- _To do_:
In this exercise, print only the lines of the records below from the one with "A standing woman" through the one with "A book with a paper on top of it.", inclusive. Pictures are not part of the copy.

- _Data to use_:
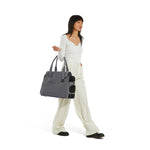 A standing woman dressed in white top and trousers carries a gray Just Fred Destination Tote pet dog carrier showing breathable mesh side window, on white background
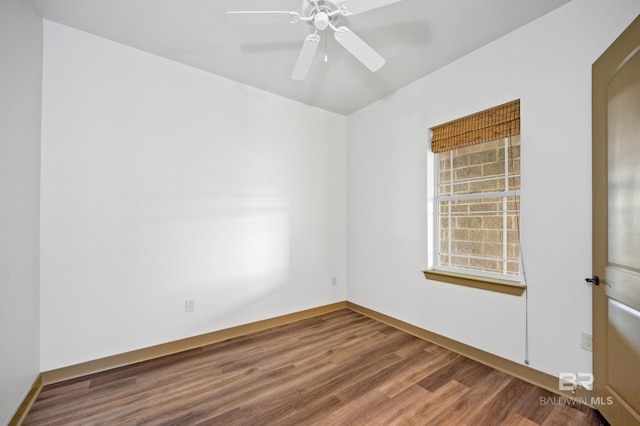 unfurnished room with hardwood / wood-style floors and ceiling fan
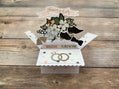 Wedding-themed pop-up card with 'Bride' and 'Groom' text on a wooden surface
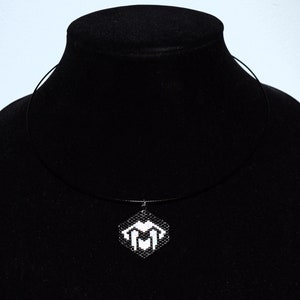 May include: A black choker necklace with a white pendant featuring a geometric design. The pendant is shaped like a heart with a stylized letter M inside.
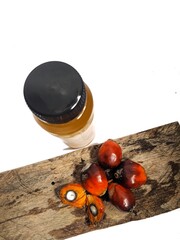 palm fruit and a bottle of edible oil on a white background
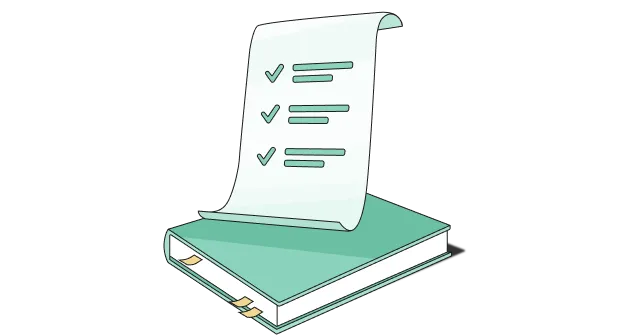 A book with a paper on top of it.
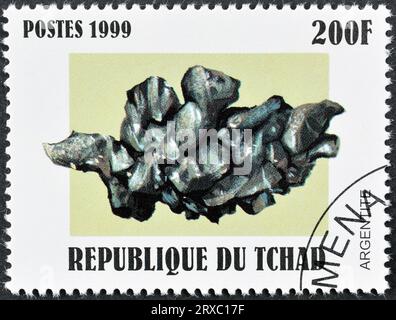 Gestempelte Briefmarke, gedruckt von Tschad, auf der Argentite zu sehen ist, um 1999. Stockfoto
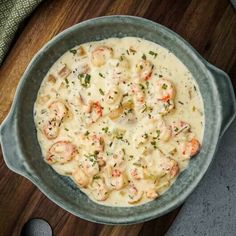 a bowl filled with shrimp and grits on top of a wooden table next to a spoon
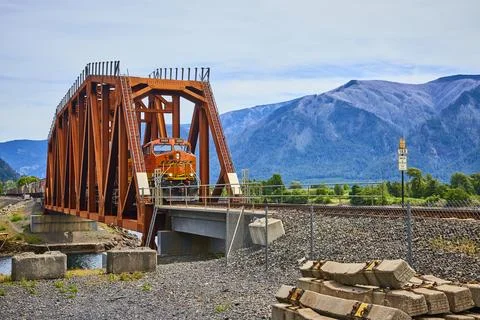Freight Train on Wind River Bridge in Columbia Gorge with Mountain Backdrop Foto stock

---

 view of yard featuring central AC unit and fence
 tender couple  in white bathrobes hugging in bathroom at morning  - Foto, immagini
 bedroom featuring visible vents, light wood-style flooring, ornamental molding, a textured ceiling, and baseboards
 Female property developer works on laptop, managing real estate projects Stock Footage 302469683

- _Response to the exercise_:
 A standing woman dressed in white top and trousers carries a gray Just Fred Destination Tote pet dog carrier showing breathable mesh side window, on white background
 unfurnished room with hardwood / wood-style floors and ceiling fan
 Wedding-themed pop-up card with 'Bride' and 'Groom' text on a wooden surface
 May include: A black choker necklace with a white pendant featuring a geometric design. The pendant is shaped like a heart with a stylized letter M inside.
 palm fruit and a bottle of edible oil on a white background
 A book with a paper on top of it.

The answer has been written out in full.